The Financial Supervisory Commission (FSC) yesterday said it has no objection to Taiwan Fire and Marine Insurance Co’s (TFMI, 台灣產物保險) involvement in the purchase of Next Media Group’s (壹傳媒集團) four local outlets, but the insurer must not supply funding and its top shareholders must not hold key positions in the four media firms.
The financial regulator made the statements after TFMI chairman Steve Lee (李泰宏) inked an agreement late on Tuesday night to take up a 32 percent stake in Next TV (壹電視) through an affiliated development company.
The commission’s Insurance Bureau posted a statement on its Web site, indicating insurance companies and their major shareholders must not sit on the boards of invested listed firms, or assume top management positions or appoint senior executives.
“Lee must not use any insurance funds in his media venture,” the bureau said, adding that it would conduct strict oversight to ensure full compliance to protect the rights of all policyholders.
The insurance company said in a stock filing it would not supply funding for Lee’s personal investment.
Jean Chiu (邱淑貞), the deputy director-general of the commission’s Banking Bureau, said the principle of separation of banking and commerce does not apply to insurance companies.
“We don’t see the need to extend the principle to insurance companies in keeping with international governance practices,” Chiu said by telephone.
The commission said it also no longer has reservations about Chinatrust Charity Foundation (中信慈善基金會) chairman Jeffrey Koo Jr’s (辜仲諒) participation in the buyout, after the details of the transaction showed he does not own a controlling stake in the four companies.
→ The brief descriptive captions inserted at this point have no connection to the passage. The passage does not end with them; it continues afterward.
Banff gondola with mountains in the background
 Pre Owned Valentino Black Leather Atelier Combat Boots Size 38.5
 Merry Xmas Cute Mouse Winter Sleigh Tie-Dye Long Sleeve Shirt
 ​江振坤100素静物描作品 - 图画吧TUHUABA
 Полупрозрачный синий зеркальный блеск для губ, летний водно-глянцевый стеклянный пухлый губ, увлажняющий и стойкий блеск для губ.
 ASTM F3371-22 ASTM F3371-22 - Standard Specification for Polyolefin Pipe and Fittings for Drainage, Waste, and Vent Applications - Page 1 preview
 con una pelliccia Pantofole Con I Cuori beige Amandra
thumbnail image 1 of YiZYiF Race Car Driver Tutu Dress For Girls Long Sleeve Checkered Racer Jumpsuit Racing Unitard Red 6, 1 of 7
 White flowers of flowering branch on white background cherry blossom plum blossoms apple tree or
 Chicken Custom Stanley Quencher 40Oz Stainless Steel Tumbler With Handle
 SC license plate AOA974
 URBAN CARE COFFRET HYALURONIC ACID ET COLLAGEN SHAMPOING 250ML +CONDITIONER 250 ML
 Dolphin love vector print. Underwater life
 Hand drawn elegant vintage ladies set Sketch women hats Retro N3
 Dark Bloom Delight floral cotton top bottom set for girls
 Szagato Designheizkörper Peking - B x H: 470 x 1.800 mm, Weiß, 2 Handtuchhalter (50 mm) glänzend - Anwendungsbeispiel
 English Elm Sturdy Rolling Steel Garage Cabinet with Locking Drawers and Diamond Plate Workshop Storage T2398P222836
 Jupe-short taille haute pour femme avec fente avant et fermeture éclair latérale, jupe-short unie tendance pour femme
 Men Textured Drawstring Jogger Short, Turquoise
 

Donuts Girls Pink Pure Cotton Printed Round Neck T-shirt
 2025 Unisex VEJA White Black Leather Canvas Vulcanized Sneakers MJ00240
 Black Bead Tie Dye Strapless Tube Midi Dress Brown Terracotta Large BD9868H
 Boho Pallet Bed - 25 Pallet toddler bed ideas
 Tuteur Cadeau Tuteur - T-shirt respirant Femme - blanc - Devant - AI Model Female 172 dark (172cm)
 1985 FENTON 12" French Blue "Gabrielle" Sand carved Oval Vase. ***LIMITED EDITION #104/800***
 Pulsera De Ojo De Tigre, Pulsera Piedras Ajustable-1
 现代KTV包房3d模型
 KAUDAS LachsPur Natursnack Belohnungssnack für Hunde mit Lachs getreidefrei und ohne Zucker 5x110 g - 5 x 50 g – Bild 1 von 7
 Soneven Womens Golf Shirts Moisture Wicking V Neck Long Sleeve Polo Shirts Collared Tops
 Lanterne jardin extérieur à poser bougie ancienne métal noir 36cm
Under the deal, Koo Jr, the eldest son of Chinatrust Financial Holding Co (中信金控) founder and chairman Jeffrey Koo (辜濂松), has cut his stake in the four Next Media’ outlets to 20 percent, from the original 34 percent, after David Lee (李世聰), chairman of funeral-services provider Lung Yen Life Service Co (龍巖), took over the other 14 percent from Koo Jr.
“The commission is now satisfied with the adjustment,” Chiu said.
The commission had earlier asked the Koo family to choose between Chinatrust Financial and Next Media to uphold the principle of separation.
The ownership change does not need approval from the commission since no party involved is in the financial sector, Chiu said.
Meanwhile, the Fair Trade Commission (FTC) said all parties in the buyout must submit applications for regulatory approval.
While it said it still did not know who participated in the deal because it has not seen the contracts, it has sent official documents to all possible buyers appearing in newspapers, FTC spokesman Sun Li-chun (孫立群) said by telephone.
Sun said the FTC did not have a deadline set for the buyers to make their submissions, but added that it would wait until it collects all the necessary information before reviewing the deal.
The FTC has 60 days to complete the review after the process starts, he said.
Apart from Koo Jr, Steve Lee and David Lee, the other members of the investment consortium include Formosa Plastics Group (台塑集團) chairman William Wong (王文淵) and Want Want Holdings Ltd (旺旺控股) chairman Tsai Eng-meng (蔡衍明).
Wong did not comment on the deal yesterday, but the group’s four major units — Formosa Plastics Corp (台塑), Formosa Petrochemical Corp (台塑石化), Formosa Chemicals & Fibre Corp (台灣化纖) and Nan Ya Plastics Corp (南亞塑膠) — said in separate stock exchange filings that the group hopes to make a contribution to Taiwan through participation in the buyout.
The companies said Formosa Plastics Group invested in the media industry to help remove media bias. It will play an objective role and use its power to supervise the media, providing diverse channels for all voices in society to be heard. However, all four companies denied making a direct investment in Next Media.
Meanwhile, Lung Yen said in a stock exchange filing that the investment is its chairman’s personal decision and is nothing to do with the company.